Um povo, portanto, onde não existem outros "senhores", como
poder, ter, saber, prazer, consumo, conforto, o Eu, honra, segurança
... e onde, também não governem os suditos desses "senhores":
injustiça, opressão, ambição, arrogância, violência, marginalização,
medo, indiferença, egoísmo, lei do mais forte, destruição,
autoritarismo, manipulação, desigualdade e morte ...
Ser um povo sacerdotal consiste em não erguer barreiras entre a
existência concreta e o relacionamento com Deus, ou entre o
relacionamento com Deus e a existência real, mas uni-los o mais
intimamente possível, para que a vida humana seja completamente
transformada, graças à mediação de Cristo que comunica a força
(poder) do Espírito, para tornar a vida humana uma oferta contínua
de abertura e disponibilidade filial a Deus e de serviço fraterno aos
homens.

Um sonho para o novo perfil da Igreja do século XXI


A experiência de fé da comunidade à qual a primeira carta de Pedro
é dirigida oferece pistas para iluminar a realidade. Além disso, ela
convida-nos a uma profunda conversão para construir um novo
perfil da Igreja: o povo de Deus, o povo sacerdotal que atende às
demandas de nosso tempo.
Essa conversão fundamenta-se na exigência de retornar ao
encontro com Jesus Cristo, em sua Palavra, no irmão e,
especialmente, nos pobres. Para ser cada vez mais:

• Uma igreja em permanente conversão. Conversão que


abrange não apenas a dimensão pessoal, mas também a dimensão
comunitária e pastoral. Uma conversão que também implica a
mudança de estruturas internas e modos de interação com a
sociedade.

• Uma igreja de comunhão que favorece a participação e


a ministerialidade, que promove os diferentes carismas da
comunidade e que é realmente uma proposta de fraternidade na
comunidade.
• Uma Igreja solidária, aberta e próxima das mulheres e
homens de hoje, especialmente aqueles que trabalham para tornar
nossa sociedade mais humana e fraterna.

• Uma igreja samaritana (Lc 10,25-37), especialmente


comprometida com a causa daqueles que foram excluídos. E
trabalha por a globalização da solidariedade.

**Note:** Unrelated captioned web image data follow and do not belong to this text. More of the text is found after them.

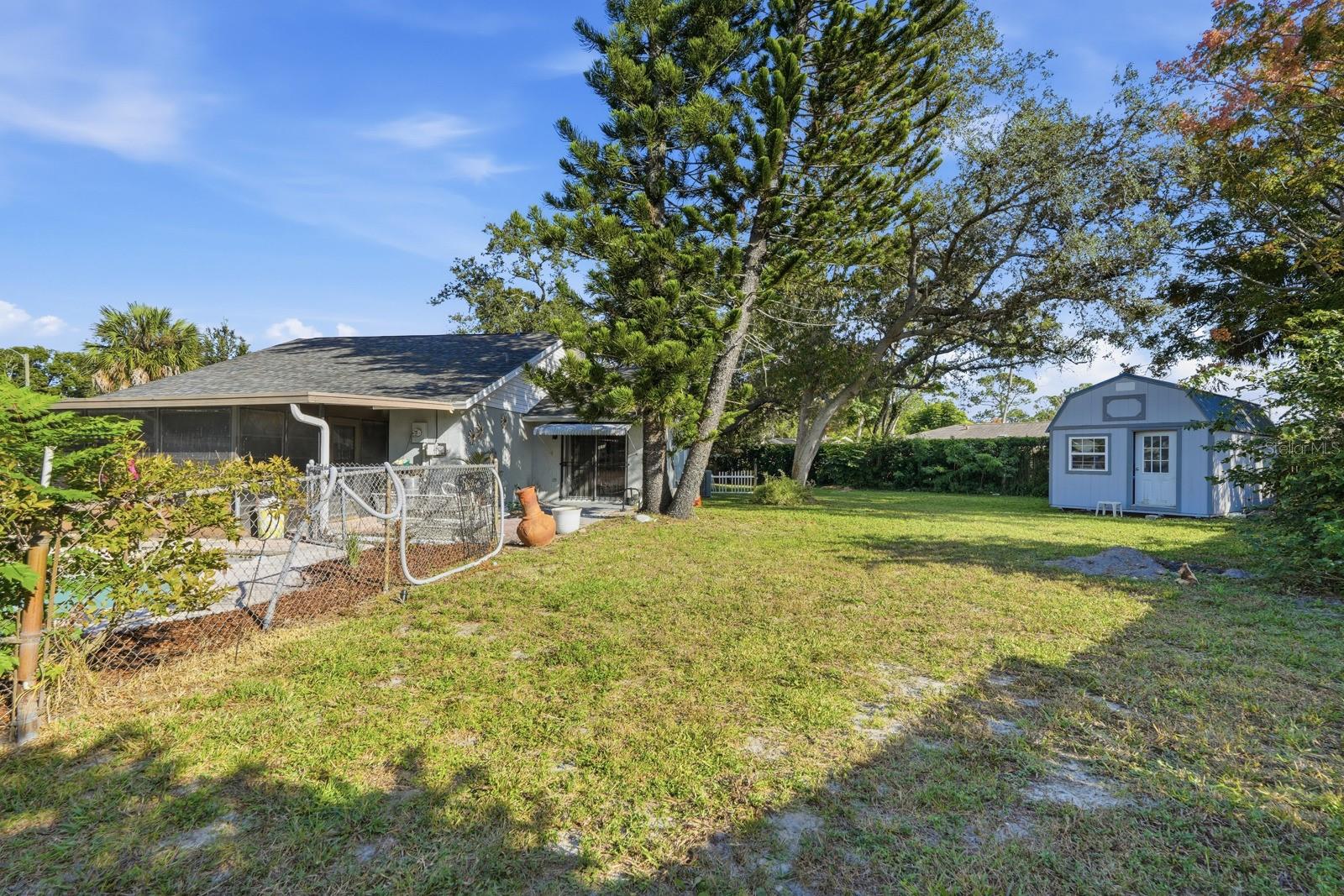 Image 33 of 42 For 93 Glass Court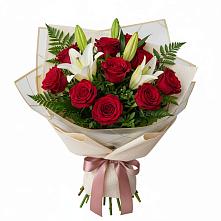 Букет цветов из:  Лилии и Розы в Спас-Клепиках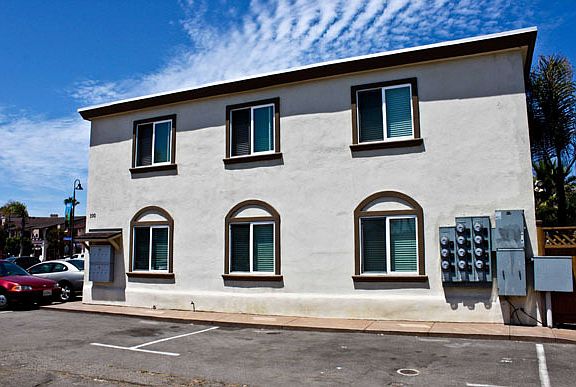 4th image of 100 Palm Ave APT F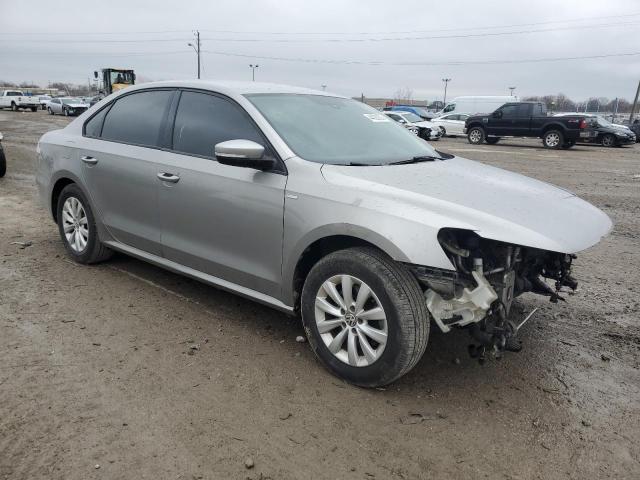 Photo 4 from auction – 2014 VOLKSWAGEN PASSAT S with VIN 1VWAT7A3XEC082819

• Uma Igreja inculturada que aborda o diálogo com as


culturas a partir da riqueza do Evangelho, que promove as
identidades quebradas pela cultura dominante e que trabalha
decisivamente a favor da vida.

• Uma Igreja missionária, fiel e criativa, que permanece em


busca, que tenta oferecer novas respostas pastorais aos novos
tempos.

• Finalmente, uma Igreja próxima ao Evangelho e ao


Reino, que discerne os sinais dos tempos e continua sendo uma
proposta alternativa para a sociedade atual.